A string literal is written as a sequence of characters between double quotes:

"this is a string"

String literals may contain backslash escapes.

\a          stands for "alert" (a beep character),
\b          for backspace,
\r          for carriage-return,
\f          for form-feed,
\t          for tab,
\n          for newline,
\v          for vertical-tab.
\\          for backslash
\'          for single quote
\"          for double quote
\xXXXX\     for the character code identified by hexadecimal XXXX
\oOOO\      for the character code identified by octal OOO
\uXXXX      for Unicode character U+XXXX (four hexadecimal digits)
\UXXXXXXXX  for Unicode character U+XXXXXXXX (eight hexadecimal digits)

Another way to include a double quote in a string is to use two adjacent double quotes:

"I said ""oops""."

Strings literals may continue over multiple lines. A backslash followed immediately by a newline will be deleted (both the backslash and the newline will not be included in the string).

Basic operations on strings are available in the string library module. For example, there are predicates and functions to:

  • append or join strings (++, append, join_list)
  • return the length of a string (count_codepoints, count_code_units, length)
  • index code points or code units (index, unsafe_index_code_unit)
  • skip to the next or previous code point (index_next, prev_index)
  • convert between a string and list of code points (to_char_list, from_char_list)
  • convert between a string and list of code units (to_code_unit_list, from_code_unit_list)
  • search for sub-strings (sub_string_search)
  • replace sub-strings (replace, replace_all)
  • split strings
  • strip whitespace

As usual, string values can be tested for equality or inequality using the operators = and \=.

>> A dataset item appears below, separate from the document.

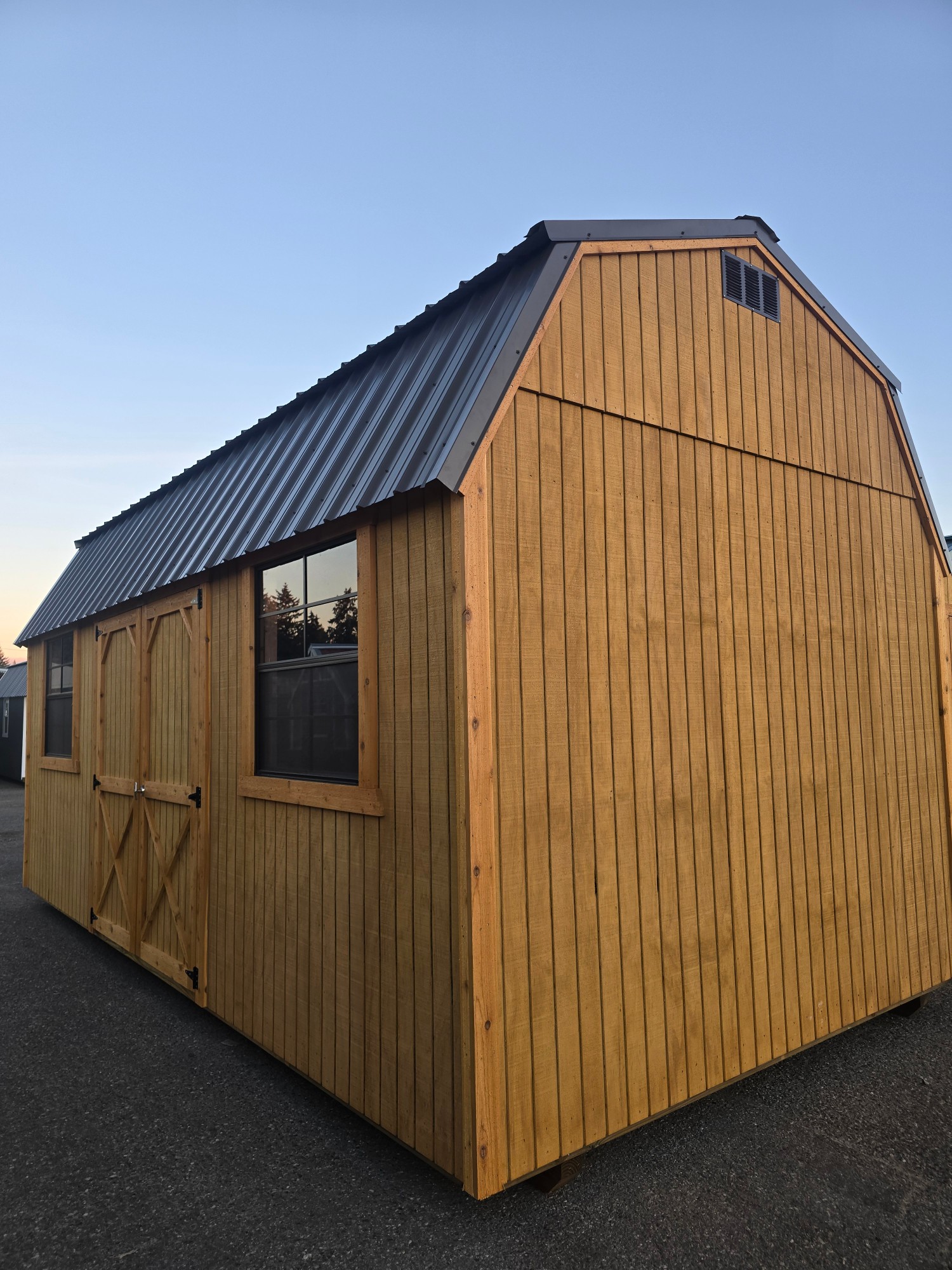 Lofted Barn - 10x20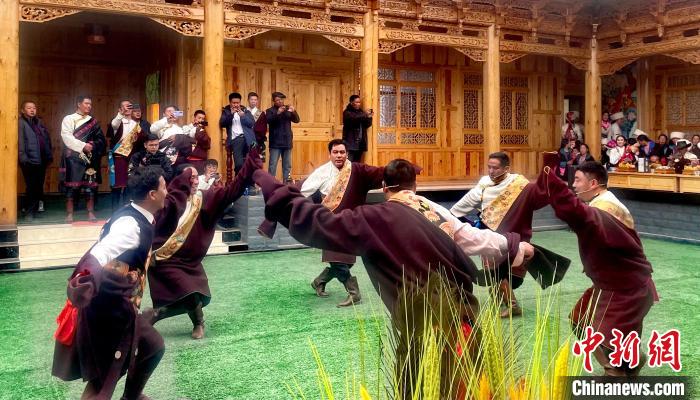 青海：藏鄉(xiāng)民眾以“村晚”迎藏歷新年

The internal encoding of a string depends on the target language for interoperability with code written in those languages. When targeting C, strings use UTF-8 encoding and are terminated with a NUL character (so code units are 8-bit integers and null characters are not allowed). When targeting Java or C#, strings are the same as Java or C# strings and use UTF-16 encoding (so code units are 16-bit integers). Usually you would not work with code units directly, so it is not hard to write code that works for either encoding.

character (char)

The character type represents a Unicode code point. There is a type alias char in the char standard library module which is more commonly used. The name character exists for historical reasons.

There is no dedicated syntax for character literals. Rather, they are written as a single-character name. You can write characters in one of these ways:

c           works for lower case and certain other characters
'H'         works for upper case and almost all characters
''''        represents a single quote
'\n'        backslash escapes are allowed

In some contexts it will be necessary to wrap an unquoted or quoted character within parentheses. When in doubt, you can treat this as the character literal syntax:

('c')

That is, a character or character escape sequence within single quotes, within parentheses. It always works and is instantly recognisable.

Character values can be tested for equality or inequality using the operators = and \=. Other basic operations are available in the char module.

Tuple types

A tuple term is a compound data term, written as curly brackets surrounding argument terms separated by commas. A tuple type is written as curly brackets surrounding argument types separated by commas.

{} is the tuple term with zero arguments. It has the type {}.

{1} is a tuple term with one argument of type int. It has the type {int}.

{1, "apple"} is a tuple term with two arguments. It has the type {int, string}.

{{1, "apple"}, Price} is a tuple term with type {{int, string}, float}, if Price has type float.

So we can build up tuples. To get the arguments of a tuple, we can unify it with a term containing variables not yet bound to any values ("free"):

Pair = {First, Second}

or, equivalently:

{First, Second} = Pair

Assume Pair is {1, "apple"}. Unification proceeds like this. (Note that it happens at compile time.)

{1, "apple"} = {First, Second}

To unify two tuple terms, both tuples must have the same number of arguments (the same arity). Actually, Mercury requires both sides of the unification to have the same type so trying to unify tuples with different arities would be a compile-time error. The next step is to unify each of the corresponding arguments:

1 = First,
"apple" = Second

If First and Second are both free then these unifications must succeed, and then we can refer to the arguments of Pair.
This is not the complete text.